Is it ‘safe’ to solder IC’s directly to the PCB?
Against what kind of risk/danger?
You won’t be protected against assembly mistake (putting the IC with the wrong orientation), and it’ll be harder to replace the IC…
It is much wiser to use sockets, as some IC are really sensitive to heat. And as pichenettes already stated, desoldering wrecked ICs without proper equipment is extremely painful.
My reason for not using the sockets, was so that I could clearly see if there was an issue with a solder point, but I can see how it would be a pain if an IC goes wrong and it needs desoldering!
I’ll stick with the sockets then, but I intend to raise them slightly off the PCB so I can see any potential issue…I already applied that principle to a few components on my latest Shruthi build>>>I’ll post a pic in a minute
Soldering direct is for people who enjoy desoldering.
If you don’t like normal sockets you can go deluxe and use zif sockets. But they don’t always fit in the space of a normal socket.

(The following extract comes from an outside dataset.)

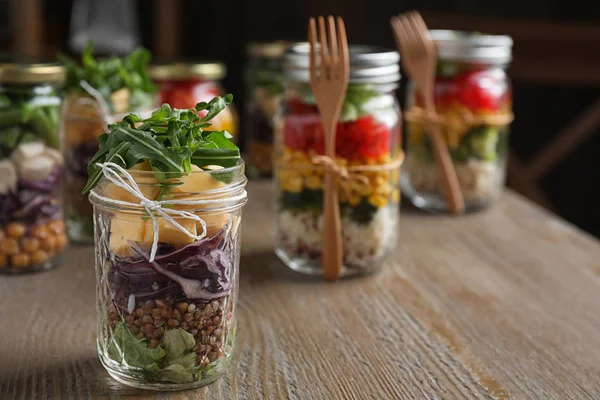 Glazen pot met gezonde maaltijd op houten tafel — Stockfoto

I decided to raise most of the components off the PCB, I did this so I can see every solder point for any issues…I am confident my fourth Shruthi is going to be a winner, with no issues
That’s a very strange idea. I fear that the force exerted on the socket when inserting the IC might bend some pins.
It’s enough if the solder joint looks good on the back of the board (the hole is platted, and will be filled with solder).
I’m a very strange person but my logic is sound, on previous builds the solder didn’t flow well enough to make a good contact on both sides of the PCB and in some cases flew too well and caused shorts under the socket…I checked the IC’s and they slip into the sockets fine
Now I can clearly see areas that are soldered correctly, giving me peace of mind.
Maybe there’s something wrong with your soldering technique then? Soldering iron temperature is too low? Fancy RoHS solder requiring a very high temperature?
To me raising the sockets looks like the wrong solution to the wrong problem.
“Maybe there’s something wrong with your soldering technique then?”
There is no maybe about it, demonstrable by looking at my previous Shruthi builds
Adam I thinkpichenettes is trying to save you more aggravation in future builds by tackling the root of the problem. It may be something as simple as the tip of your soldering iron being dirty- this was what I found on my last build when the solder stopped flowing properly.
I’m all for unconventional work-around solutions, but AT some point you should mest domen who can teach you the right technique; at least if you plan to do this more. When building my first Shruthi, I made a lot of mistakes due to lack of proper soldering technique, but after some practice I got the hang of it. However, it is hard to find the right way of doing it through reading instructions pr even watching instruction videos, so… find someone, is my advice. And good luck
Mest domen = find someone. /$&* new smartphone
Thanks guys I have improved my soldering a little since starting with the Shruthi’s…I have a long way to go to get competent though!
Seriously— soldering technique isn’t something you learn over a year— someone can show you how to do it— a few minutes of practice later and you should be pretty damned good
(at least for all the basic through hole stuff)
Strip board is good for practicing as you can see the flow of the solder more clearly.